**** Dataset section ****
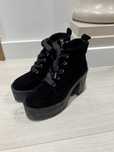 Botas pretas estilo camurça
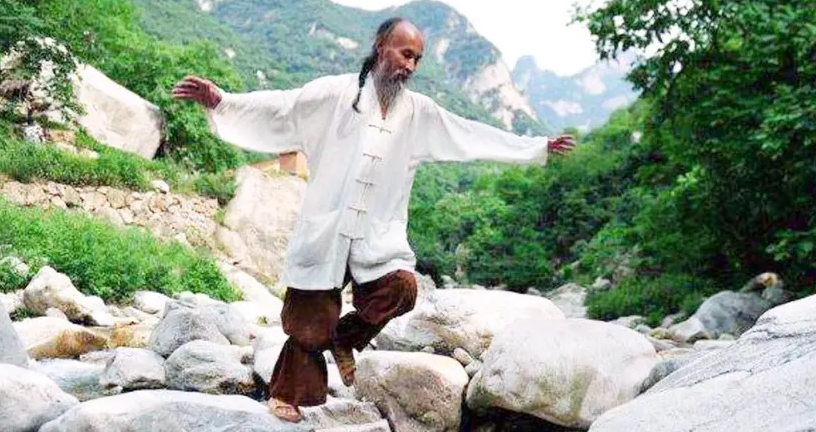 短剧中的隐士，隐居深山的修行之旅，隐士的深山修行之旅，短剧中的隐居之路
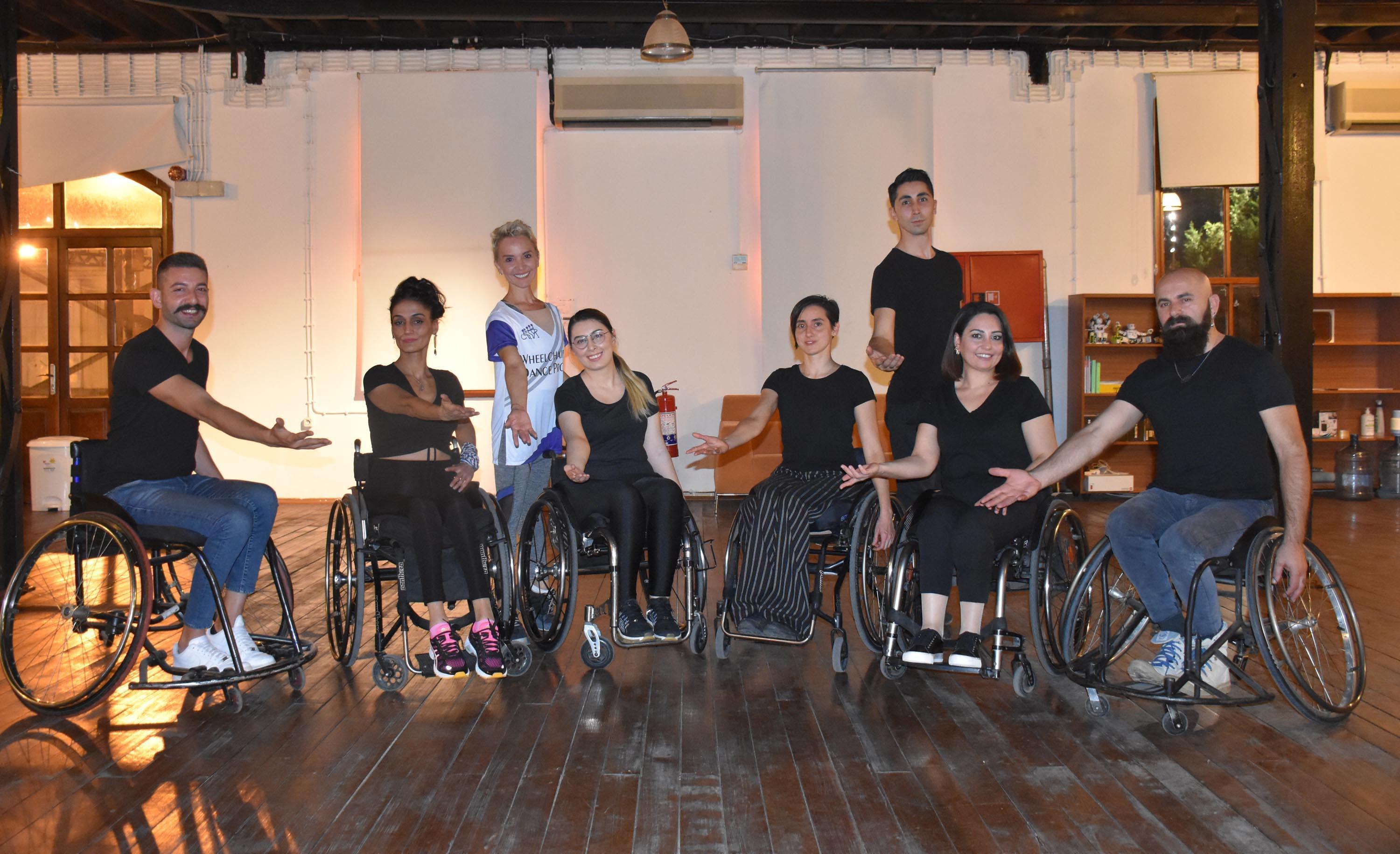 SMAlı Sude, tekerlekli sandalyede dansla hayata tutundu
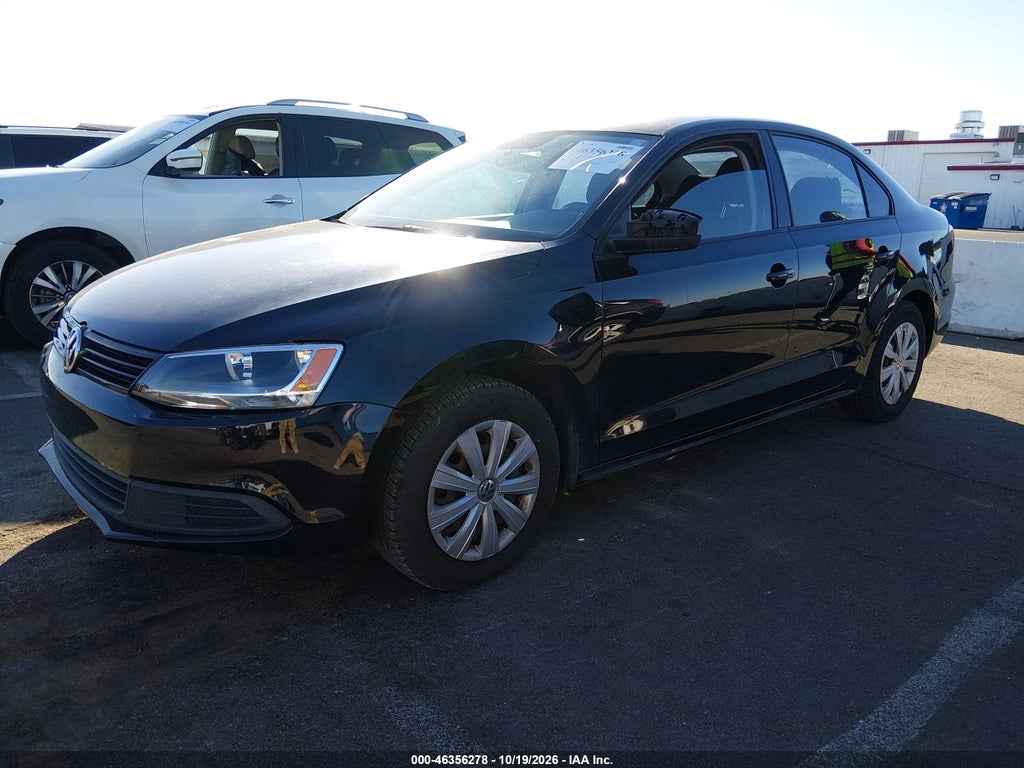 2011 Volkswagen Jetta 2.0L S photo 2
****
(Task instructions): After locating the line that contains "SMAlı Sude, tekerlekli", output it and all later lines through the end of the material exactly, leaving out pictures.

(Written answer):
 SMAlı Sude, tekerlekli sandalyede dansla hayata tutundu
 2011 Volkswagen Jetta 2.0L S photo 2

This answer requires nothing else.